--- Excerpted data ---
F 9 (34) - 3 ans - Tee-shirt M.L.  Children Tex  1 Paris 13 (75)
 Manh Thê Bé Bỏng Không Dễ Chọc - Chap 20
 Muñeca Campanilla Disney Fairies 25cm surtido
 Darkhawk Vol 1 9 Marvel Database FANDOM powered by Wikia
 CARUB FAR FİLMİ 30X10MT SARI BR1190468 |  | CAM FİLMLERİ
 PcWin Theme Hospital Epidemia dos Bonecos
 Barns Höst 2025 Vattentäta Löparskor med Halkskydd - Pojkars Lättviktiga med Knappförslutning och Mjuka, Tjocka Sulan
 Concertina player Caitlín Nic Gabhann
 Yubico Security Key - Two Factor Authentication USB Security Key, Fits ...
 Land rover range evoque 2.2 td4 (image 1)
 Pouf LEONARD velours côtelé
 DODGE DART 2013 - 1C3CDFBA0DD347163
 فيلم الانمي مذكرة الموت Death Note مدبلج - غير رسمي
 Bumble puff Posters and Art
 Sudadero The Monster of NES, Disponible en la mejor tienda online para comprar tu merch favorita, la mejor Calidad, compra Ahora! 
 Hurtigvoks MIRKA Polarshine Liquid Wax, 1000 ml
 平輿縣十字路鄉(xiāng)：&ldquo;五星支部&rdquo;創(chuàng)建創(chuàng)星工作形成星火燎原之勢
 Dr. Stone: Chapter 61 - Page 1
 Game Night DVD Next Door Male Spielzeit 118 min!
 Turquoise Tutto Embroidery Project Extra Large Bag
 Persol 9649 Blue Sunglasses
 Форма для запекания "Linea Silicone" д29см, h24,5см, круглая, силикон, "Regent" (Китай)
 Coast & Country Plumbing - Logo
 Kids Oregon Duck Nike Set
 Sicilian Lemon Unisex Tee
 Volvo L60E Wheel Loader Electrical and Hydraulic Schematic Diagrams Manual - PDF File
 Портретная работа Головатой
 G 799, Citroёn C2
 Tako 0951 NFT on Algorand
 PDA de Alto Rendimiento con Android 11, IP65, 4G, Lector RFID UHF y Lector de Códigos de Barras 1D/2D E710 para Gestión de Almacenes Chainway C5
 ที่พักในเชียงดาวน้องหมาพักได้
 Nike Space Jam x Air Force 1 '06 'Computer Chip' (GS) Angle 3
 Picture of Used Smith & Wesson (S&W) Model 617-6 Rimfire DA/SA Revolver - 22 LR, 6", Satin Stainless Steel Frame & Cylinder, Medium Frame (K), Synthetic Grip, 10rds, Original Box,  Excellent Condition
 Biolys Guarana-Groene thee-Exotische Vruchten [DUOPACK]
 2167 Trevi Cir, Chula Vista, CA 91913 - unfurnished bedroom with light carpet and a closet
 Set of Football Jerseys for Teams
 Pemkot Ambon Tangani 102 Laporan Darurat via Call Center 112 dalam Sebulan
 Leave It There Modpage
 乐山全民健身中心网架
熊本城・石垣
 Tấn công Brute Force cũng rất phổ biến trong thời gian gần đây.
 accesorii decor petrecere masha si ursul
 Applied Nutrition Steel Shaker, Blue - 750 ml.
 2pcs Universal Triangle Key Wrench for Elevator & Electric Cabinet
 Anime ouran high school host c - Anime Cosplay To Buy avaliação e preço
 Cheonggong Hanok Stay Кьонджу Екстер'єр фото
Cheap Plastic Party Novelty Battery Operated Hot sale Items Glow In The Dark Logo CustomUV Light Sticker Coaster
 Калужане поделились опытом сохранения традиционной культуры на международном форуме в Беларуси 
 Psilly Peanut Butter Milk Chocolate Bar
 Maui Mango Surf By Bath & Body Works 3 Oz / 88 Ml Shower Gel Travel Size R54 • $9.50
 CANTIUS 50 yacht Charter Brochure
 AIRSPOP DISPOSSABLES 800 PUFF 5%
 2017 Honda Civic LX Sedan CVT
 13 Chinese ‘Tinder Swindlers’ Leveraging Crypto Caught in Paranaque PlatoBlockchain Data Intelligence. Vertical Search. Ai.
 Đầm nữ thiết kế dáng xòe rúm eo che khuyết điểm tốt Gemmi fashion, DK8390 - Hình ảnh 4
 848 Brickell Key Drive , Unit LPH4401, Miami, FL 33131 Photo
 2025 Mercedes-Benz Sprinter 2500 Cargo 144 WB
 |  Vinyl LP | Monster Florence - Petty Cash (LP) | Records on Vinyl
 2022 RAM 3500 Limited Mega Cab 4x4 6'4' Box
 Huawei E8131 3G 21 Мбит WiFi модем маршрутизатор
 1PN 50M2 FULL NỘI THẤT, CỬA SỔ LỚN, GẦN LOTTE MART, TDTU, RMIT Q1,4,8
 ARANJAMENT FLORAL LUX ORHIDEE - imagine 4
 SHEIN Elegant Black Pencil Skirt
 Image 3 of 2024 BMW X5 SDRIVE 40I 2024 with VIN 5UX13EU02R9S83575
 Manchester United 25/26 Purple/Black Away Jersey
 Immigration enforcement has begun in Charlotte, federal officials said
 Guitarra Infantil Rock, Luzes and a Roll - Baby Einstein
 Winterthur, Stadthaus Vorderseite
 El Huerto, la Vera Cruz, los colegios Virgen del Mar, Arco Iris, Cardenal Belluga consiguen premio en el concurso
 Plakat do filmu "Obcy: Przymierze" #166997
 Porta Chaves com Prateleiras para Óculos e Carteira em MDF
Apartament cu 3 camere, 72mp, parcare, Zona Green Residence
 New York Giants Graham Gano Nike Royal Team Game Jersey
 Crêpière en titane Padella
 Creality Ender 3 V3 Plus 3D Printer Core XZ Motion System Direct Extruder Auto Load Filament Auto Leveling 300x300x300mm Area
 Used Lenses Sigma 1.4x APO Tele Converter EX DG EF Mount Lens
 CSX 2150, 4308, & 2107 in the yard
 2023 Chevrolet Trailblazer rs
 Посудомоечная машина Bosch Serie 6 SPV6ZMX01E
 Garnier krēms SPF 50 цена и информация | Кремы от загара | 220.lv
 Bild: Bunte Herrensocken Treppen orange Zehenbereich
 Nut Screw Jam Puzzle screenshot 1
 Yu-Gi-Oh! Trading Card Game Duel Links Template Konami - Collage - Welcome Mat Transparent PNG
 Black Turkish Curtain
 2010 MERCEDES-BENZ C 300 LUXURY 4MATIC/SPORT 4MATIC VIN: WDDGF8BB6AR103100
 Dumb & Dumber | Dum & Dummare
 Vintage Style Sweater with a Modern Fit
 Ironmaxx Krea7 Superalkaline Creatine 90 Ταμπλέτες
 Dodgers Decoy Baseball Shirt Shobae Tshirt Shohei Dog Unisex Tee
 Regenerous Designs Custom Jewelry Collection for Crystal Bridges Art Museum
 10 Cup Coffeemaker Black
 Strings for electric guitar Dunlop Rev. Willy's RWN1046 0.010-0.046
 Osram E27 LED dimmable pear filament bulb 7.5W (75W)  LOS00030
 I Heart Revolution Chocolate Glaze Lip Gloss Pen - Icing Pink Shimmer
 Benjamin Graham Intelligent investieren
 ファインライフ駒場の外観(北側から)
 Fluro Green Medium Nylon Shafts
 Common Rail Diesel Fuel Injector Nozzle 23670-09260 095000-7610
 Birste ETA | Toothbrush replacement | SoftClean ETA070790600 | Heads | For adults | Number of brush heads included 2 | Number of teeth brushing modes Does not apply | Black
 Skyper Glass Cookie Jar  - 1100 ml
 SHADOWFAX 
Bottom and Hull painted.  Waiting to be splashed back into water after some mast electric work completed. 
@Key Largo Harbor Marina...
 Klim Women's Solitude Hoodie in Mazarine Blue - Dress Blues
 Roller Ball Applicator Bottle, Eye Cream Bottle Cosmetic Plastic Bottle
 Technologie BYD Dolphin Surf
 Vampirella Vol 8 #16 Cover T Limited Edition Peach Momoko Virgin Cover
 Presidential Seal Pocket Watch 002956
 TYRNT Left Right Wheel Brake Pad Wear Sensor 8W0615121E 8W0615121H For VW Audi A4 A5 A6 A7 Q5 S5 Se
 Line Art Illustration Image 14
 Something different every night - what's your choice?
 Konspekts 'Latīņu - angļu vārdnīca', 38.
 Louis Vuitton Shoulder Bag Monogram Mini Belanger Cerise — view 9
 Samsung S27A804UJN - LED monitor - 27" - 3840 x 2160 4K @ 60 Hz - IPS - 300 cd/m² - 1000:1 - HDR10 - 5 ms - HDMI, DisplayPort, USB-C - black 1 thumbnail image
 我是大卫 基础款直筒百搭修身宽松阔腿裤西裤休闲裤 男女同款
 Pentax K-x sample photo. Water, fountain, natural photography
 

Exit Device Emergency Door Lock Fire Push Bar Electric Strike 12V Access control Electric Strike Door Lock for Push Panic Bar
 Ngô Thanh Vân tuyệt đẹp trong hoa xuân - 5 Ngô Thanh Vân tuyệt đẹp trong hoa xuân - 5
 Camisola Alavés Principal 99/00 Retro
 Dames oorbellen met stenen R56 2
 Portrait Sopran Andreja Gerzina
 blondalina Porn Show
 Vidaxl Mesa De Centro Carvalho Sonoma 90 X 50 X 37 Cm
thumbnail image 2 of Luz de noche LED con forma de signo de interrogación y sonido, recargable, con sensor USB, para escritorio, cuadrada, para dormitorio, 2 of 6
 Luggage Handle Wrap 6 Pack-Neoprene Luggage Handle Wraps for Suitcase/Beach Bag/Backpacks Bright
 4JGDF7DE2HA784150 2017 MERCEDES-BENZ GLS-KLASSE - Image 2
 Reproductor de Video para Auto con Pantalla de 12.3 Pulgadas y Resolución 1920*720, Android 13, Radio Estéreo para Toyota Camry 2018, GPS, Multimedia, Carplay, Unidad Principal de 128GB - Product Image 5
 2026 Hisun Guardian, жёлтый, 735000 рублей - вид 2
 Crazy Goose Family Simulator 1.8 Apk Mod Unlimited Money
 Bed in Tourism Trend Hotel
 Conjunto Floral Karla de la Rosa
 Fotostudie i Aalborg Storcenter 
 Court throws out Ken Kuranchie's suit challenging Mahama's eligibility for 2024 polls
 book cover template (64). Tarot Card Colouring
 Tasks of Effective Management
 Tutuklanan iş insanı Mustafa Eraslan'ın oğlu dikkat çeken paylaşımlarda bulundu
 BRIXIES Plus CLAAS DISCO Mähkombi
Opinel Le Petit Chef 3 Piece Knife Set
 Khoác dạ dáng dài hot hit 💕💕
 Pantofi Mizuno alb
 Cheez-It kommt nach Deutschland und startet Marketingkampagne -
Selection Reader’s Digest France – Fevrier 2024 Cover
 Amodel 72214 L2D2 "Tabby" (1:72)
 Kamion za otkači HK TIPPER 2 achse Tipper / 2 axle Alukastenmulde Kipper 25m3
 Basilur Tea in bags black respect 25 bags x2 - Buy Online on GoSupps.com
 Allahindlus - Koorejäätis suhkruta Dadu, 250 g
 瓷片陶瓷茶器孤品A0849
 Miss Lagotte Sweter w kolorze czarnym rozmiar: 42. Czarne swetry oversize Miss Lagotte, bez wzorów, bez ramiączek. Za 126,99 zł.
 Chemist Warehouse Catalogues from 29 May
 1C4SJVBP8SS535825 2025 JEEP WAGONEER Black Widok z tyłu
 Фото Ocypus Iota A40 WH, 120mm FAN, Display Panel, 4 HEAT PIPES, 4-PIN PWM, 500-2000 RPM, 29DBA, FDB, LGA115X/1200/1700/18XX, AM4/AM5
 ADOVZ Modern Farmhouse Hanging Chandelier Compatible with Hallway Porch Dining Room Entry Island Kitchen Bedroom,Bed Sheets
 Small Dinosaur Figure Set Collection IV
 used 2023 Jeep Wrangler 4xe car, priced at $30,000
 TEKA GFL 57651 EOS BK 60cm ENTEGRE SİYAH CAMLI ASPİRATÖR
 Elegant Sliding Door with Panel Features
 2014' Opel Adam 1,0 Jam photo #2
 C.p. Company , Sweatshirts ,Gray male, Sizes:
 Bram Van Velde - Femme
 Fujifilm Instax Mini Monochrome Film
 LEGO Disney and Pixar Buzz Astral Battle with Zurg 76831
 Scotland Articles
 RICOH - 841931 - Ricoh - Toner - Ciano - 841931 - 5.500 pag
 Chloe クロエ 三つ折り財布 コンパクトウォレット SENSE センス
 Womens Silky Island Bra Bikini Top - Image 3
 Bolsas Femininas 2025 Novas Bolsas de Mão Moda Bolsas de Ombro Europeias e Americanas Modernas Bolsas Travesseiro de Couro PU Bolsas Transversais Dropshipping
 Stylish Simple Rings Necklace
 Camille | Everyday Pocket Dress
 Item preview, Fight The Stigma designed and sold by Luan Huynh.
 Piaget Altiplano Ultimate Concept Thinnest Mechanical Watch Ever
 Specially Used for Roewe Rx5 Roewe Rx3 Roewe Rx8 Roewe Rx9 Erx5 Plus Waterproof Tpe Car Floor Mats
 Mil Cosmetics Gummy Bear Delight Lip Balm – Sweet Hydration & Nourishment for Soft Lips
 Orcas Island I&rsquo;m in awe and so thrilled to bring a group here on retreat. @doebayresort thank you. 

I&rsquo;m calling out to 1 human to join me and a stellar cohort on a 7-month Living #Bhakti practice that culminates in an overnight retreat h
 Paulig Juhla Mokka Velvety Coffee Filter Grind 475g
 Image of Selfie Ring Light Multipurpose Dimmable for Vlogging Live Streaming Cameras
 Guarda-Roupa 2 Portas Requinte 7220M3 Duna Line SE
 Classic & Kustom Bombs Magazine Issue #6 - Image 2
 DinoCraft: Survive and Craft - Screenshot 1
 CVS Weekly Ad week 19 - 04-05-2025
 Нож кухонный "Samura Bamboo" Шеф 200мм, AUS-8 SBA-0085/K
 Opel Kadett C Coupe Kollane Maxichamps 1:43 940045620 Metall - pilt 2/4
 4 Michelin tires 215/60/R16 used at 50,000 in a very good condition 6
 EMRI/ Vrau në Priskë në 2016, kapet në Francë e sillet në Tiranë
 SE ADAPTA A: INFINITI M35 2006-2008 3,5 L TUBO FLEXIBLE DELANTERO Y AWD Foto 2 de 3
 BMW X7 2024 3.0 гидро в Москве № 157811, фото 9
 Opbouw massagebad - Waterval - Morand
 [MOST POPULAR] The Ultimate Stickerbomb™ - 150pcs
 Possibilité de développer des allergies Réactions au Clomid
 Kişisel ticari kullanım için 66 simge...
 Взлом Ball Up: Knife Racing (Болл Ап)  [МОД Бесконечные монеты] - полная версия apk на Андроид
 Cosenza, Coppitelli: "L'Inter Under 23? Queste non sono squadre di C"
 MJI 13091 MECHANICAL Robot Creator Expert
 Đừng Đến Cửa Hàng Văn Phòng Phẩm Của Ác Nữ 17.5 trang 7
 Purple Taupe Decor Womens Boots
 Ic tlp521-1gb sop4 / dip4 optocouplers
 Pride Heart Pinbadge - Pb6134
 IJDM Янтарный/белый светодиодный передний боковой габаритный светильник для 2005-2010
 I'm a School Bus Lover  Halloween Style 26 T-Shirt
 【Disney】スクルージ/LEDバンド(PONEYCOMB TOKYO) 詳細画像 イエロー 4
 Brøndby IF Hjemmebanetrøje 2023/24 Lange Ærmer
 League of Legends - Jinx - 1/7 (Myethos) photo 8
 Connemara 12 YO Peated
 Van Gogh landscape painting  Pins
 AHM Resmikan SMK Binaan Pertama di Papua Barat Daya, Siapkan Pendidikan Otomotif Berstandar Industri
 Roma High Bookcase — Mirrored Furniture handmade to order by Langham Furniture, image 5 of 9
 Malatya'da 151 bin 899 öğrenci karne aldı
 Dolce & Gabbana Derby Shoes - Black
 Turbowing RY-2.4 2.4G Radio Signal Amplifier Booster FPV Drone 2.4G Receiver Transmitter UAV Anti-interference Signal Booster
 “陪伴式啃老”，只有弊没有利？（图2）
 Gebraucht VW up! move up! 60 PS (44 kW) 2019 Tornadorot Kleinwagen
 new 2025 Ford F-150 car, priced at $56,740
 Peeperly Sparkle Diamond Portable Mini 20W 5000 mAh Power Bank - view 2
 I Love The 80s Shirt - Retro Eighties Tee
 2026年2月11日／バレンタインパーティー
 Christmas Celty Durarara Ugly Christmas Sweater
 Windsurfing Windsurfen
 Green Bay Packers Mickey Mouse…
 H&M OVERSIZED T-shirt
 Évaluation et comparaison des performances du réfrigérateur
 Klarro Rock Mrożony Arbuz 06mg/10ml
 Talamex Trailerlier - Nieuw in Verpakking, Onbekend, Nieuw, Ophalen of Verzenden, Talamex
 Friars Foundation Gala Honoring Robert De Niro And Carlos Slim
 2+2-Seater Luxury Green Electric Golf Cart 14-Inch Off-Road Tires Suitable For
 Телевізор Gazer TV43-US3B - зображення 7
---
Task
State the number of lines in the data above that include the word "Nike", leaving out any other words.

Reply
3